Triggs had cost the commission its reputation for bipartisanship, Brandis said. He denied there had been malicious attacks on her. He had “a high personal regard” for her and was particularly conscious of her reputation as an eminent international lawyer. But “just because a person might be a distinguished academic, it does not mean they necessarily have the skills to manage an agency of the executive government”.
The public was entitled to know the reasons the government had lost confidence in Triggs, Brandis said. He had given an account of the reasons and “to say that is not to attack her character or to be a bully boy – it is merely to explain why a particular conclusion has been reached”.
Brandis said the commission was not a court that should not be criticised. It “must deal in controversial contemporary public affairs … it should never be above criticism”.
Lambie said that “you cannot support Professor Triggs and not support this censure motion.
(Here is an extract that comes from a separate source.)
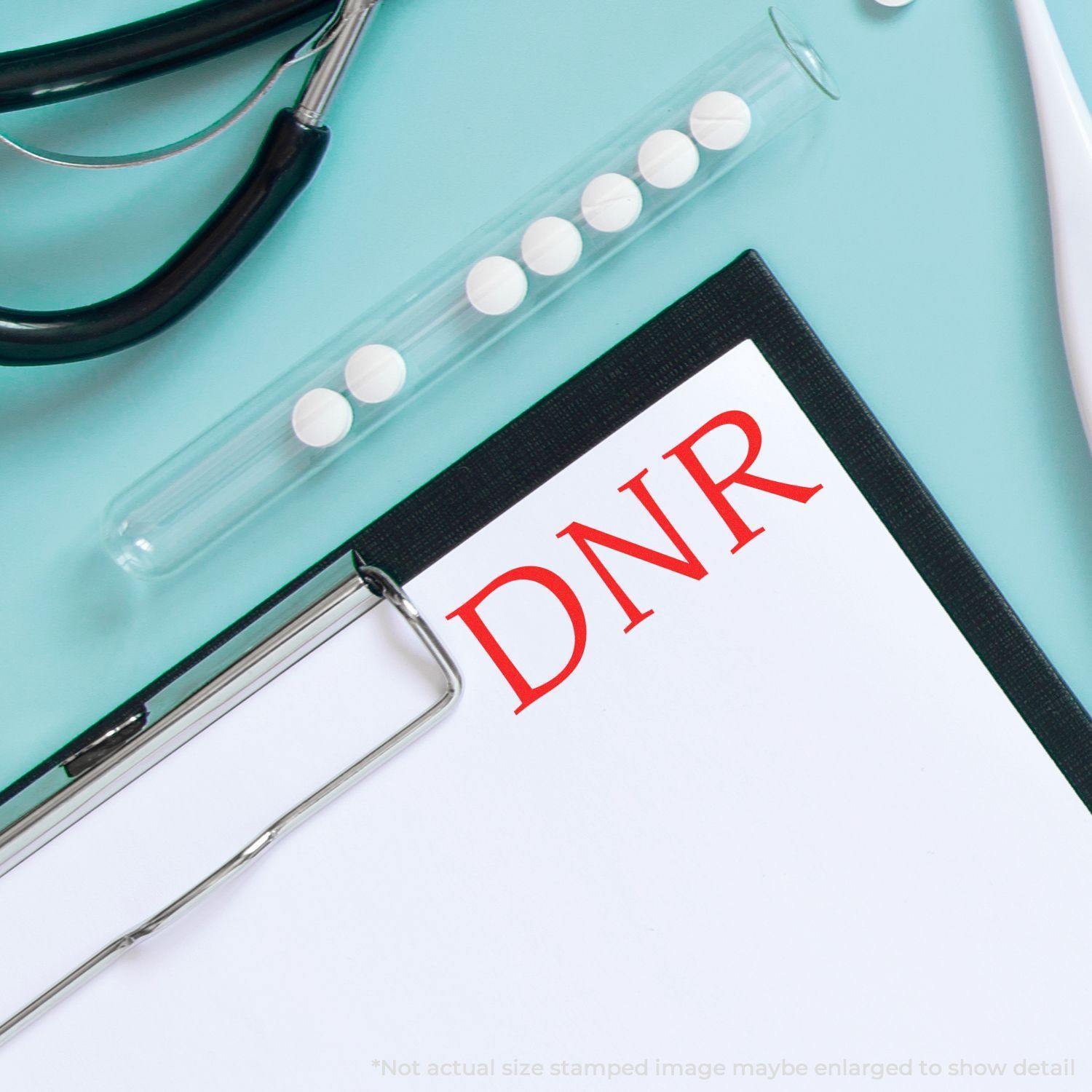 Clipboard with DNR stamped in red using the Large Pre-Inked DNR Stamp, surrounded by medical tools on a light blue background.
It is either one position or the other”. The attacks by Abbott and Brandis on the president had been “vicious and extraordinary”.
Lambie praised the government for securing Australia’s borders, stopping mass drownings and putting people smugglers out of business.
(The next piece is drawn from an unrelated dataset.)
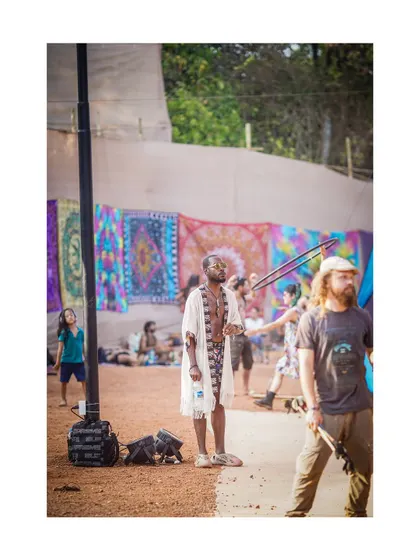 A portrait that contains the "humanity of the moment." This candid shot of a festival-goer is a character study, capturing his unique style and presence.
“However, the good the Liberals did for Australia’s border protection and national security is overshadowed by the vindictive, personal attacks” by Brandis and Abbott on Triggs, Lambie said.
“We all know that the political attack on Professor Triggs was supposed to somehow appeal to the base of the Liberal Party – and was really designed to boost Tony Abbott’s leadership stocks.”
Xenophon criticised Brandis for not defending Triggs but said he did not think the minister was unfit to hold the office.
In question time, the prime minister continued his attack on Triggs.